Segment Start: Given records
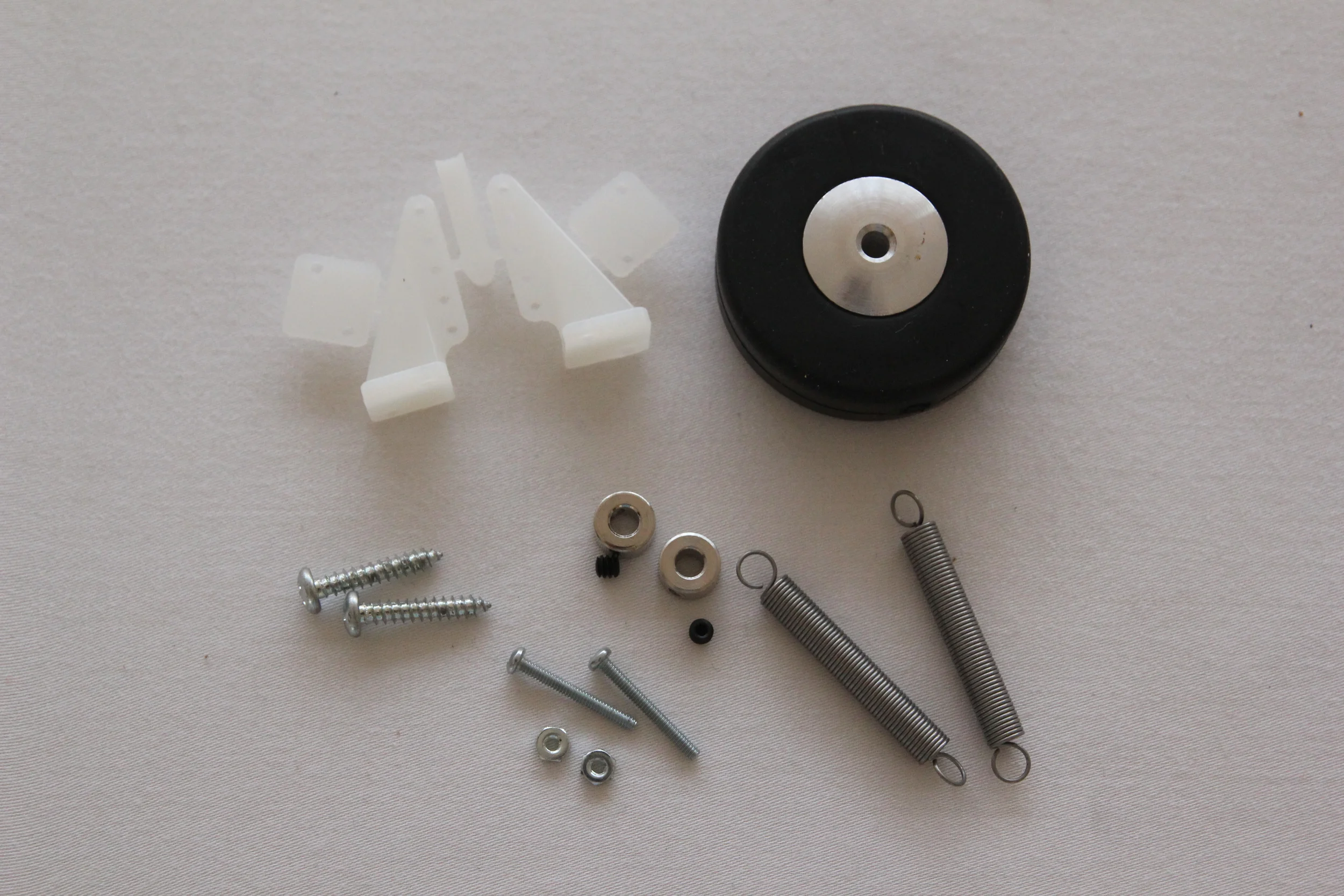 superstar products 058.JPG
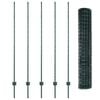 Miniatyrbilde av produktet 6 av 14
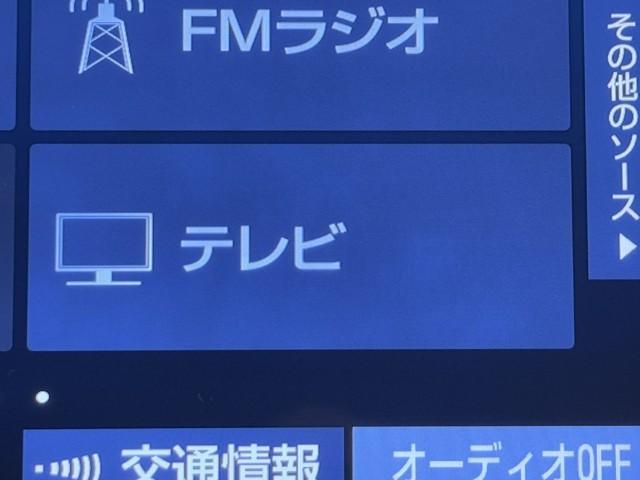 ＲＡＶ４ Ｇ　Ｚパッケージ　インテリジェントクリアランスソナー　整備記録簿　ＡＷＤ　ＬＥＤライト　アルミホイル　オートクルーズ　横滑り防止装置　バックガイドモニター　盗難防止装置　デュアルエアバッグ　メモリナビ　キーレス　ＡＢＳ（8枚目）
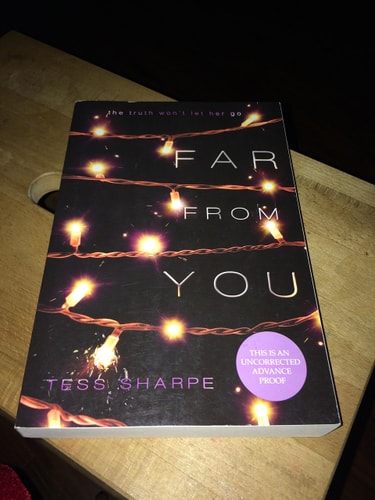 Far From You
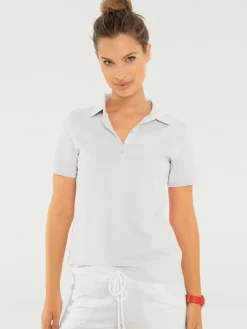 Best Connection T-Shirts<Style polo classique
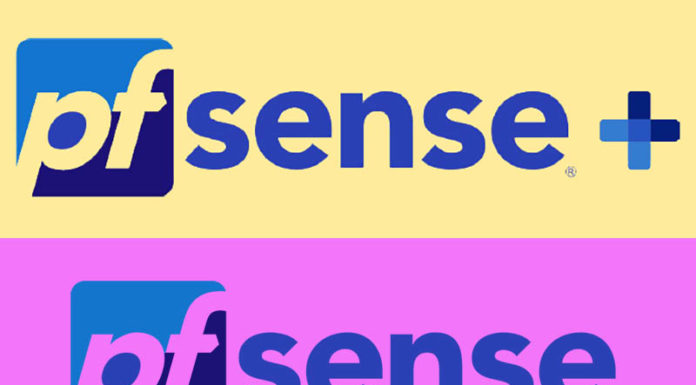 pfSense adding WireGuard VPN and pfSense Plus PfSense Plus Cover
Segment End: Given records
Task prompt: Do not include the pictures. Quote only the lines from the line with "ＲＡＶ４ Ｇ　Ｚパッケージ　インテリジェ" through the end of the material, both ends included, exactly.

Written answer:
 ＲＡＶ４ Ｇ　Ｚパッケージ　インテリジェントクリアランスソナー　整備記録簿　ＡＷＤ　ＬＥＤライト　アルミホイル　オートクルーズ　横滑り防止装置　バックガイドモニター　盗難防止装置　デュアルエアバッグ　メモリナビ　キーレス　ＡＢＳ（8枚目）
 Far From You
 Best Connection T-Shirts<Style polo classique
 pfSense adding WireGuard VPN and pfSense Plus PfSense Plus Cover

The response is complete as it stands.